Provided records:
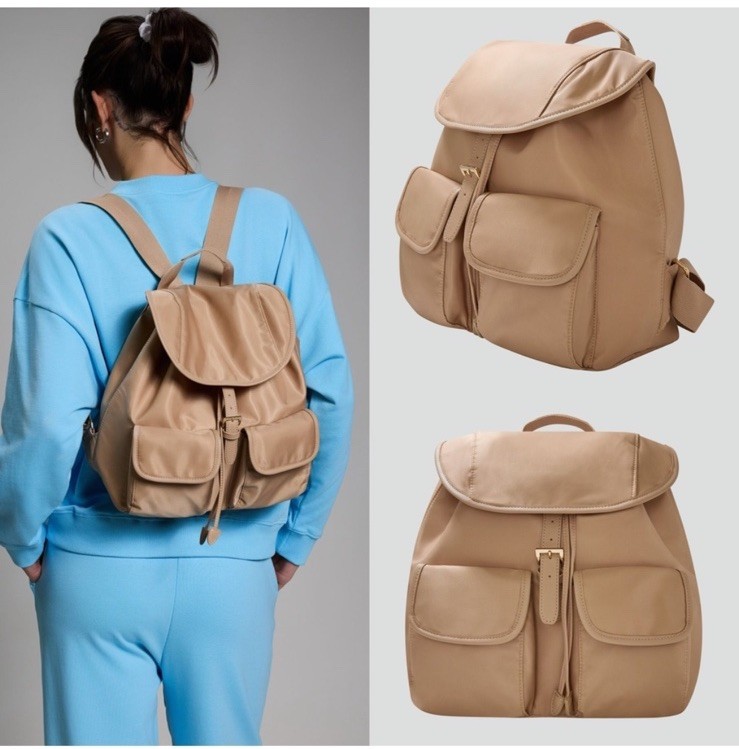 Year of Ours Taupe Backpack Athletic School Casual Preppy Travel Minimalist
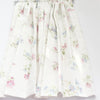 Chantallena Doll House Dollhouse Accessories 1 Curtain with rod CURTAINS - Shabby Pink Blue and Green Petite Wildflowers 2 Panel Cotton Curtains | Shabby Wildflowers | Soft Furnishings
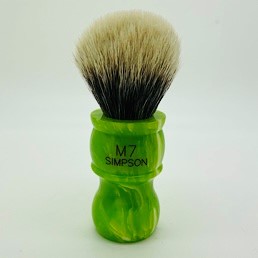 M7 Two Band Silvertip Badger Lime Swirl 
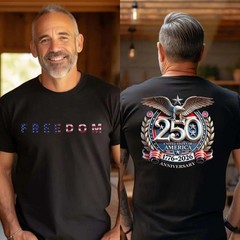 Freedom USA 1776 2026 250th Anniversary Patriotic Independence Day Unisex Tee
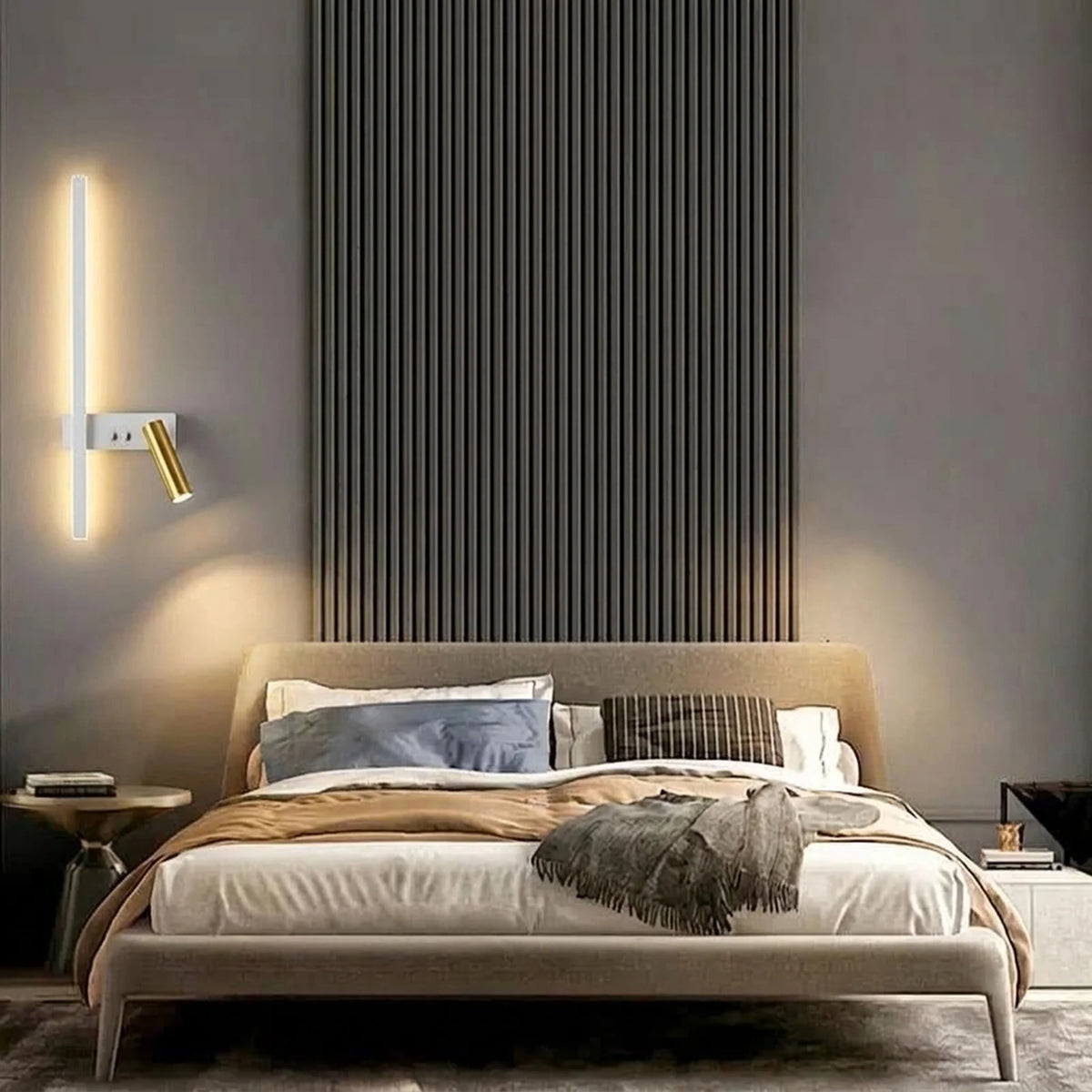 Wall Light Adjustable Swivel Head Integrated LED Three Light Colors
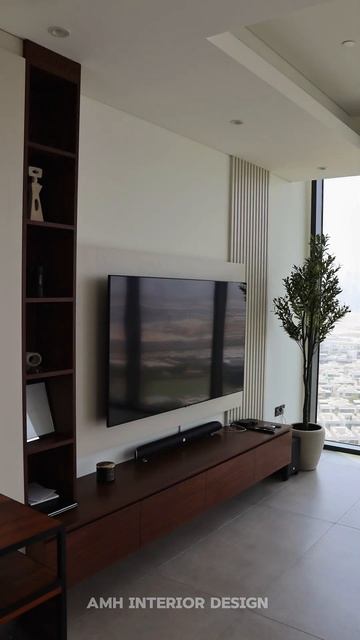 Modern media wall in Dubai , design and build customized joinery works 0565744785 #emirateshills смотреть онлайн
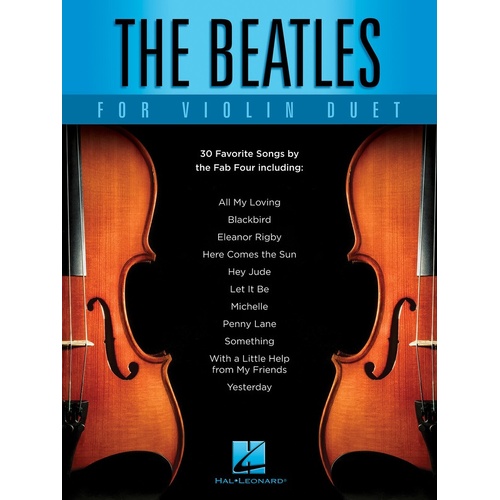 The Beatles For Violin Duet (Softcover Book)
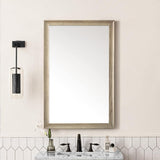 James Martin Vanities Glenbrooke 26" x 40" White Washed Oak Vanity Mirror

==

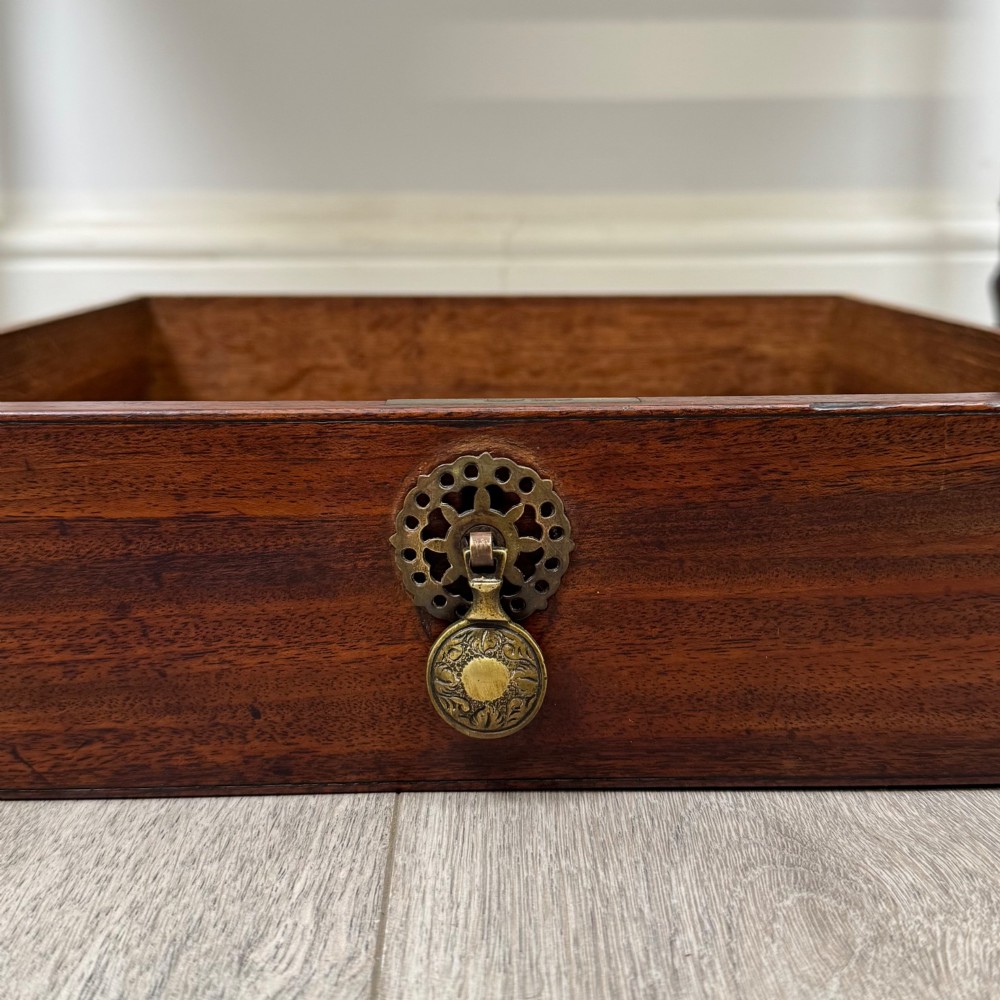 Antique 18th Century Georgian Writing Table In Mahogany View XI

Work task:
In the listing above, find the line containing "Year of Ours" and the line containing "James Martin Vanities"; print those lines and every line between them exactly, leaving out pictures.

Exercise output:
 Year of Ours Taupe Backpack Athletic School Casual Preppy Travel Minimalist
 Chantallena Doll House Dollhouse Accessories 1 Curtain with rod CURTAINS - Shabby Pink Blue and Green Petite Wildflowers 2 Panel Cotton Curtains | Shabby Wildflowers | Soft Furnishings
 M7 Two Band Silvertip Badger Lime Swirl 
 Freedom USA 1776 2026 250th Anniversary Patriotic Independence Day Unisex Tee
 Wall Light Adjustable Swivel Head Integrated LED Three Light Colors
 Modern media wall in Dubai , design and build customized joinery works 0565744785 #emirateshills смотреть онлайн
 The Beatles For Violin Duet (Softcover Book)
 James Martin Vanities Glenbrooke 26" x 40" White Washed Oak Vanity Mirror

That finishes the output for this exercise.